- Classification: Division I
- Season: 2020–21
- Teams: 6
- Site: Norfolk Scope Norfolk, Virginia
- Champions: North Carolina A&T (5th title)
- Winning coach: Tarrell Robinson (3rd title)
- MVP: Jayla Jones-Pack (North Carolina A&T)
- Television: FloHoops, ESPN3

= 2021 MEAC women's basketball tournament =

Basketball tournament in Virginia, US

The 2021 MEAC women's basketball tournament (officially known as the 2021 Air Force Reserve MEAC Basketball Tournament due to sponsorship reasons) was the postseason women's basketball tournament for the 2020–21 season in the Mid-Eastern Athletic Conference. The tournament was held March 11–13, 2021. The tournament winner received an automatic invitation to the 2021 NCAA Division I women's basketball tournament. North Carolina A&T won the conference tournament championship game over Howard, 59–57.

==Seeds==
In a deviation from the format used in previous years, the 2021 edition of the tournament seeded teams using their divisional placement, rather than their finish in the conference as a whole.

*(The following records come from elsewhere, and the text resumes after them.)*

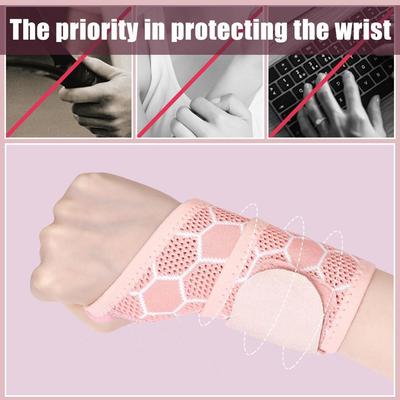 High Quality Breathable Wrist Guard Lightweight Durable Wrist Brace Support Comfortable Wrist Protection Right/Left Hand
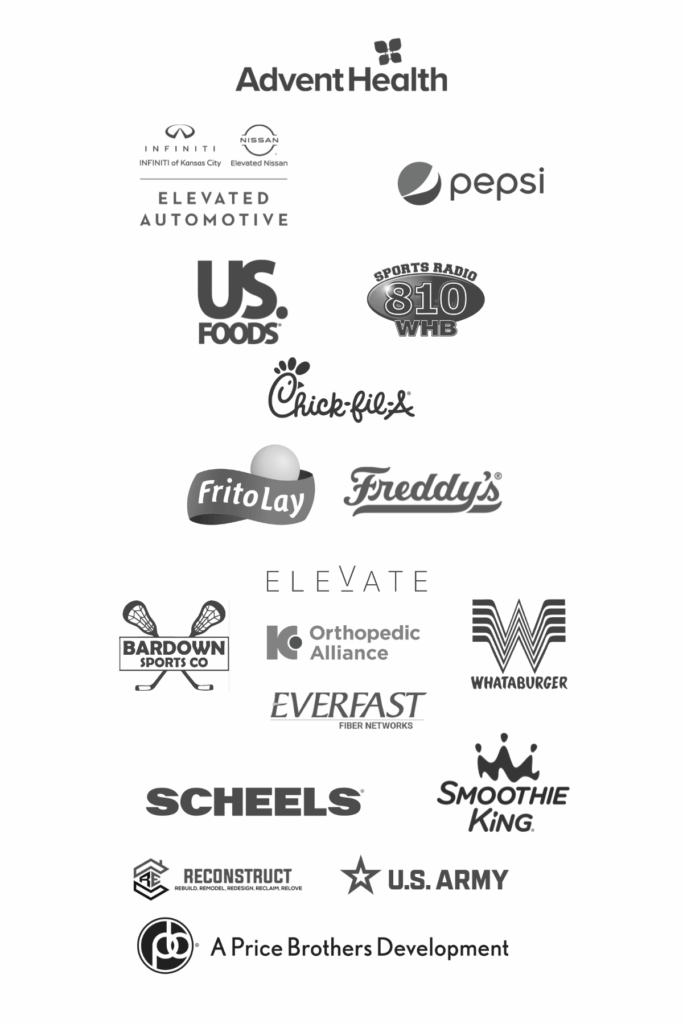 Sponsors and Partnerships at AdventHealth Sports Park at Bluhawk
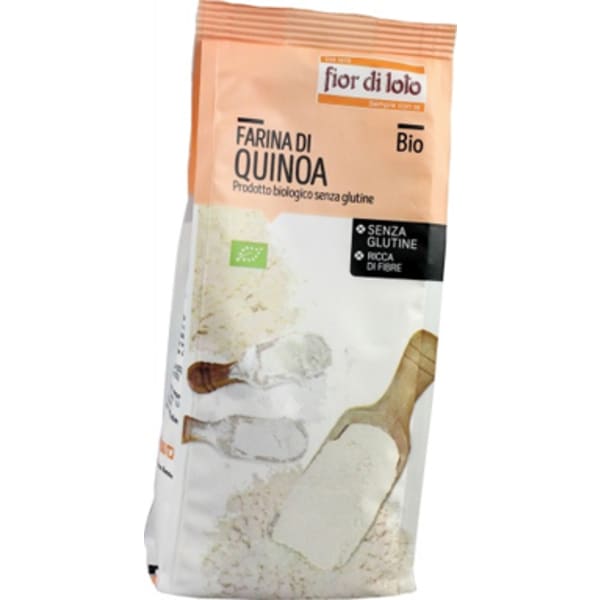 FARINA QUINOA BIO 375G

| Division | Seed | School | Conference | Tiebreaker 1 |
| Northern | N1 | Howard | 10–2 |  |
| N2 | Morgan State | 8–2 |  |
| N3 | Coppin State | 2–10 |  |
| Southern | S1 | North Carolina A&T | 9–1 |  |
| S2 | Norfolk State | 3–5 |  |
| S3 | North Carolina Central | 2–6 |  |

==Schedule==

Game: Time*; Matchup^{#}; Score; Television
Quarterfinals – Thursday, March 11, 2021
1: 12:00 p.m.; (N3) Coppin State vs. (S2) Norfolk State; 45-56; FloHoops
2: 2:00 p.m.; (S3) North Carolina Central vs. (N2) Morgan State; 64-74
Semifinals – Friday, March 12, 2021
3: 12:00 p.m.; (S2) Norfolk State vs. (N1) Howard; 44-50; FloHoops
4: 2:00 p.m.; (N2) Morgan State vs. (S1) North Carolina A&T; 54-69
Championship – Saturday, March 13, 2021
5: 3:30 p.m.; (N1) Howard vs. (S1) North Carolina A&T; 57-59; ESPN3
*All times Eastern. ^{#}Rankings denote tournament seeding.